RECORDS TO PROCESS
• • • •
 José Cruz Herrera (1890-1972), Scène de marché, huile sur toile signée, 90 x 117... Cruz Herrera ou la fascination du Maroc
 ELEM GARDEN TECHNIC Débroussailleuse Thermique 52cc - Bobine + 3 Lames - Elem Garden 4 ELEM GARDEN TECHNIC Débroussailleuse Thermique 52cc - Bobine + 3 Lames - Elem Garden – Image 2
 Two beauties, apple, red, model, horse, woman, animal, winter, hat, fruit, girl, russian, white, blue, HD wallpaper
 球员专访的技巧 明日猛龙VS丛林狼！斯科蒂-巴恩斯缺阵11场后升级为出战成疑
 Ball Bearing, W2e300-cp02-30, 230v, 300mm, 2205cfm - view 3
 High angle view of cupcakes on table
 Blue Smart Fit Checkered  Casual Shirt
• • • •
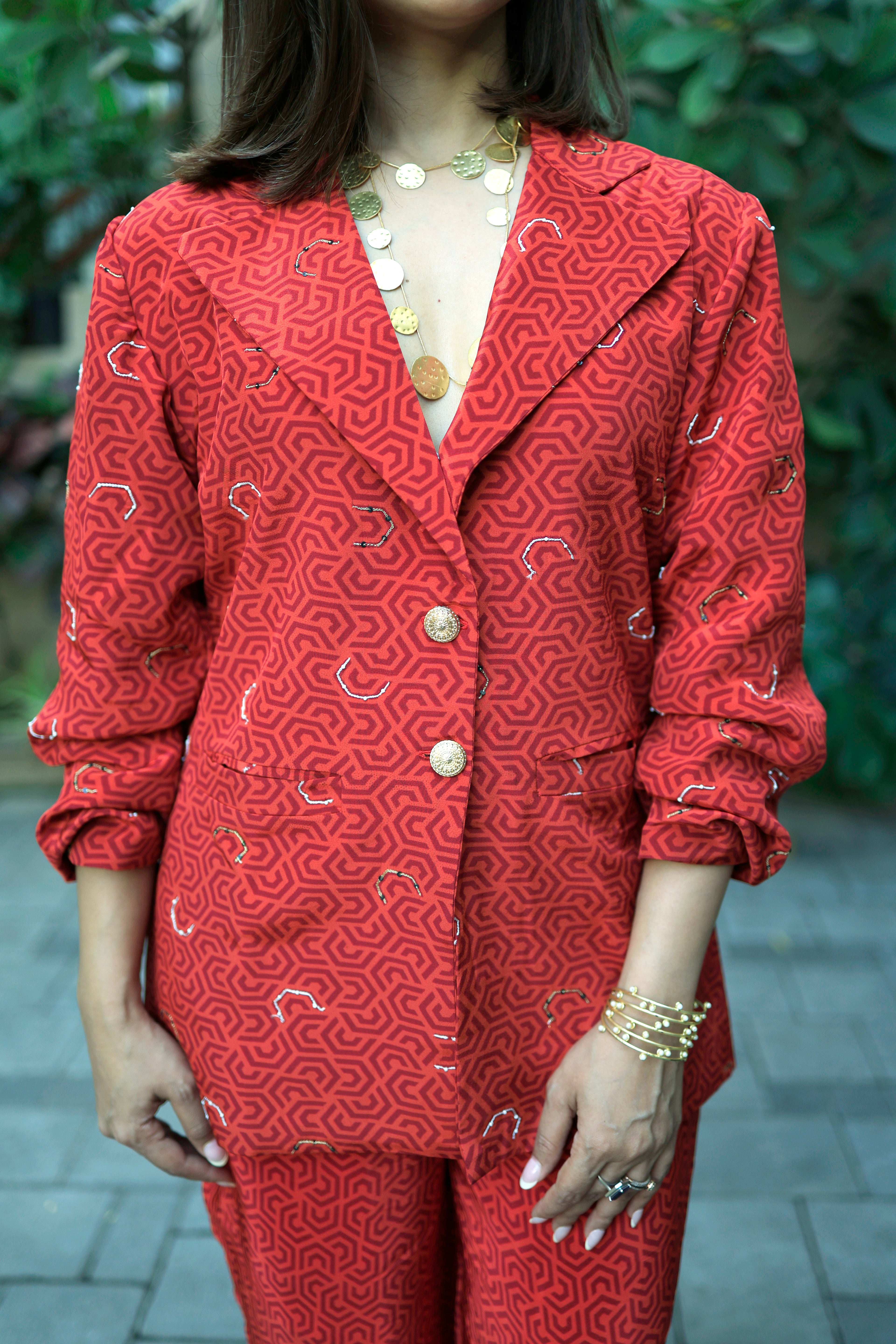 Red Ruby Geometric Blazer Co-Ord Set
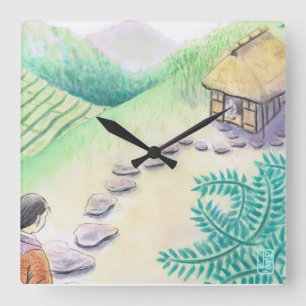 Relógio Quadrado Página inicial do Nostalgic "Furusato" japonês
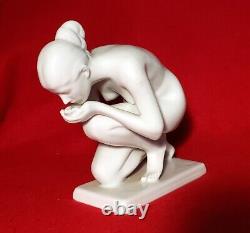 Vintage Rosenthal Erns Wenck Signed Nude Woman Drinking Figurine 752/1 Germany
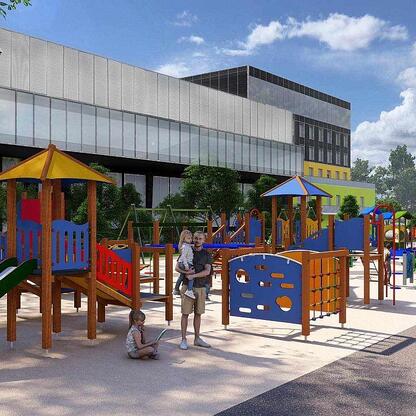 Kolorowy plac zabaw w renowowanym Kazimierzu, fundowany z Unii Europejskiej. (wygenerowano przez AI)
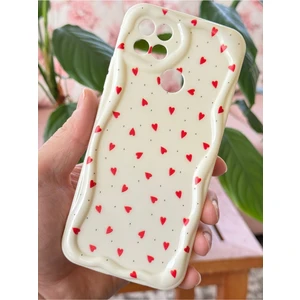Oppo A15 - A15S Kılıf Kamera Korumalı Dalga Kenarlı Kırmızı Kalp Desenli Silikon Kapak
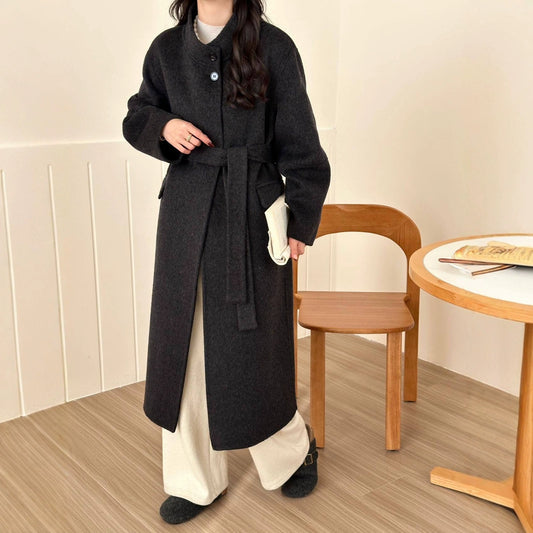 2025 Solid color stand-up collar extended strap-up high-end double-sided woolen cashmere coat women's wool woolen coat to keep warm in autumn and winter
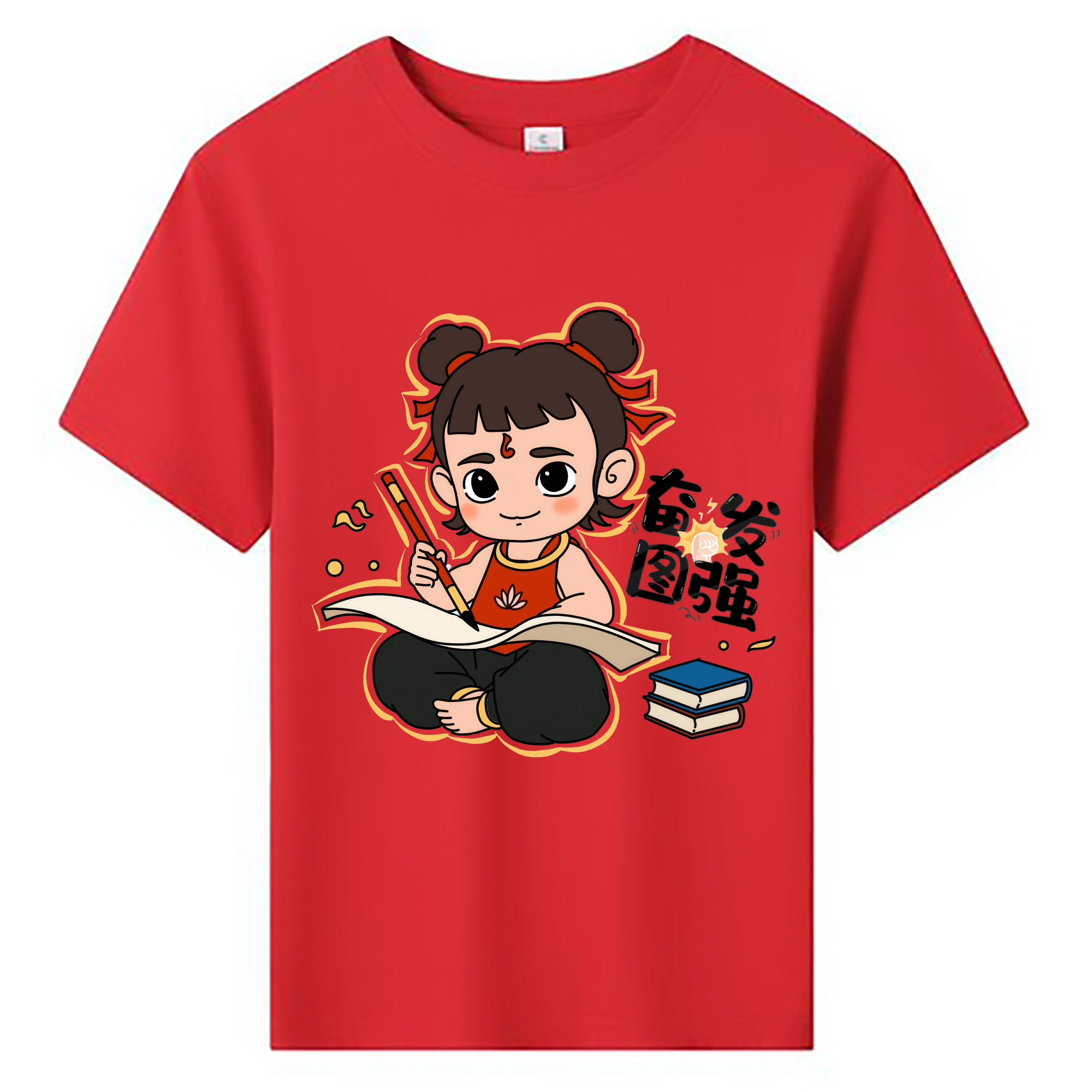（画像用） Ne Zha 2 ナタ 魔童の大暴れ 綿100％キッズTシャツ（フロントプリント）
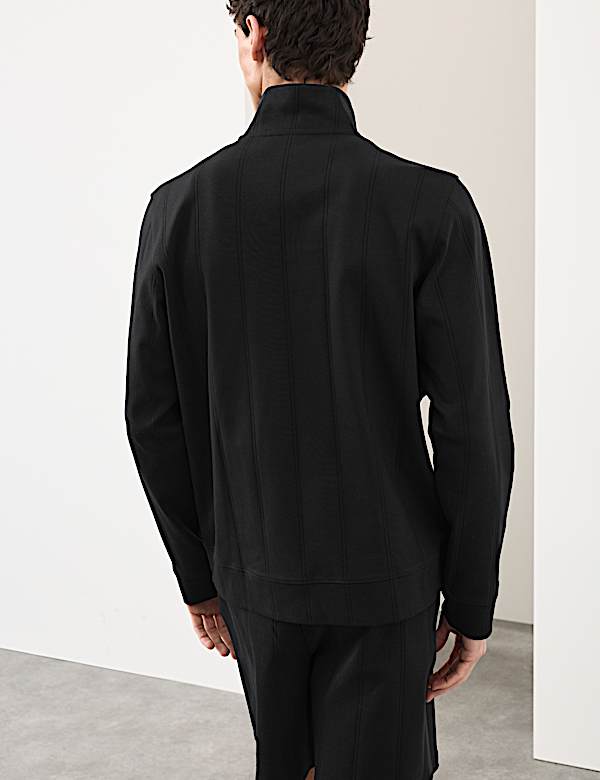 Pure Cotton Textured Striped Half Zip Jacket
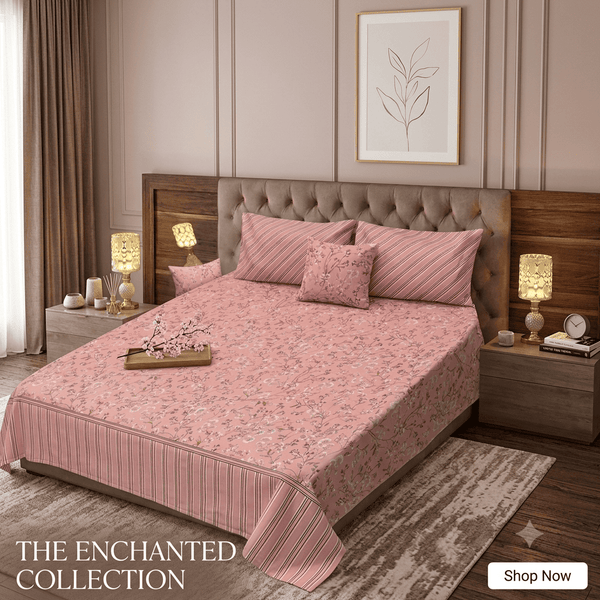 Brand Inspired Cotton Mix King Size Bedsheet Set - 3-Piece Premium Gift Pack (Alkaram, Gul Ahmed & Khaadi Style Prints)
• • • •
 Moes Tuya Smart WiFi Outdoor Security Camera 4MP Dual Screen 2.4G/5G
• • • •
WHAT YOU SHOULD DO
Retype the portion of the data above that starts on the line with "José Cruz Herrera" and finishes on the line with "Garden – Image 2", including both of those lines.

EXERCISE ANSWER
 José Cruz Herrera (1890-1972), Scène de marché, huile sur toile signée, 90 x 117... Cruz Herrera ou la fascination du Maroc
 ELEM GARDEN TECHNIC Débroussailleuse Thermique 52cc - Bobine + 3 Lames - Elem Garden 4 ELEM GARDEN TECHNIC Débroussailleuse Thermique 52cc - Bobine + 3 Lames - Elem Garden – Image 2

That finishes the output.